◆ **EXERCISE DETAILS**:
A word-for-word repetition of all the entries is needed.

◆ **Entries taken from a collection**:
───

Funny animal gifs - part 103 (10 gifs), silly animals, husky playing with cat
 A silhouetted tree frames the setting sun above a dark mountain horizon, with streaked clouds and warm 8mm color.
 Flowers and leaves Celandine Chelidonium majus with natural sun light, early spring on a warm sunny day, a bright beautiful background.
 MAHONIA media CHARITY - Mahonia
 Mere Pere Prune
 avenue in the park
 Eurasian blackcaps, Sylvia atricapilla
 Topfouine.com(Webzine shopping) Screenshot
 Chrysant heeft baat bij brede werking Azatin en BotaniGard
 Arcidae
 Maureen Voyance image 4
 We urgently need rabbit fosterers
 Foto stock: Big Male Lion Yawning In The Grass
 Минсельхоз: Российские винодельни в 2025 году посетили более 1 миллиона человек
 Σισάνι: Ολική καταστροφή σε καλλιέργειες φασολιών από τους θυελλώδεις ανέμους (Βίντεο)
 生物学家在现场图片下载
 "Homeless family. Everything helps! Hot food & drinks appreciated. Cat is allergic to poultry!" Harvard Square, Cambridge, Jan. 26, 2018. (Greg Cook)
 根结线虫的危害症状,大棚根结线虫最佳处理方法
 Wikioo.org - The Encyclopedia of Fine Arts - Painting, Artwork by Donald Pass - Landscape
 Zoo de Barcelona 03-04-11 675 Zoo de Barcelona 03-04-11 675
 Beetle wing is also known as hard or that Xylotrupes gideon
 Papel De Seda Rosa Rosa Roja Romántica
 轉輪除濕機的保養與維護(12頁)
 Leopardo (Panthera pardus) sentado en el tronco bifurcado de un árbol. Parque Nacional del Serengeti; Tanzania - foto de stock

───

◆ **COMPLETED TASK**:
Funny animal gifs - part 103 (10 gifs), silly animals, husky playing with cat
 A silhouetted tree frames the setting sun above a dark mountain horizon, with streaked clouds and warm 8mm color.
 Flowers and leaves Celandine Chelidonium majus with natural sun light, early spring on a warm sunny day, a bright beautiful background.
 MAHONIA media CHARITY - Mahonia
 Mere Pere Prune
 avenue in the park
 Eurasian blackcaps, Sylvia atricapilla
 Topfouine.com(Webzine shopping) Screenshot
 Chrysant heeft baat bij brede werking Azatin en BotaniGard
 Arcidae
 Maureen Voyance image 4
 We urgently need rabbit fosterers
 Foto stock: Big Male Lion Yawning In The Grass
 Минсельхоз: Российские винодельни в 2025 году посетили более 1 миллиона человек
 Σισάνι: Ολική καταστροφή σε καλλιέργειες φασολιών από τους θυελλώδεις ανέμους (Βίντεο)
 生物学家在现场图片下载
 "Homeless family. Everything helps! Hot food & drinks appreciated. Cat is allergic to poultry!" Harvard Square, Cambridge, Jan. 26, 2018. (Greg Cook)
 根结线虫的危害症状,大棚根结线虫最佳处理方法
 Wikioo.org - The Encyclopedia of Fine Arts - Painting, Artwork by Donald Pass - Landscape
 Zoo de Barcelona 03-04-11 675 Zoo de Barcelona 03-04-11 675
 Beetle wing is also known as hard or that Xylotrupes gideon
 Papel De Seda Rosa Rosa Roja Romántica
 轉輪除濕機的保養與維護(12頁)
 Leopardo (Panthera pardus) sentado en el tronco bifurcado de un árbol. Parque Nacional del Serengeti; Tanzania - foto de stock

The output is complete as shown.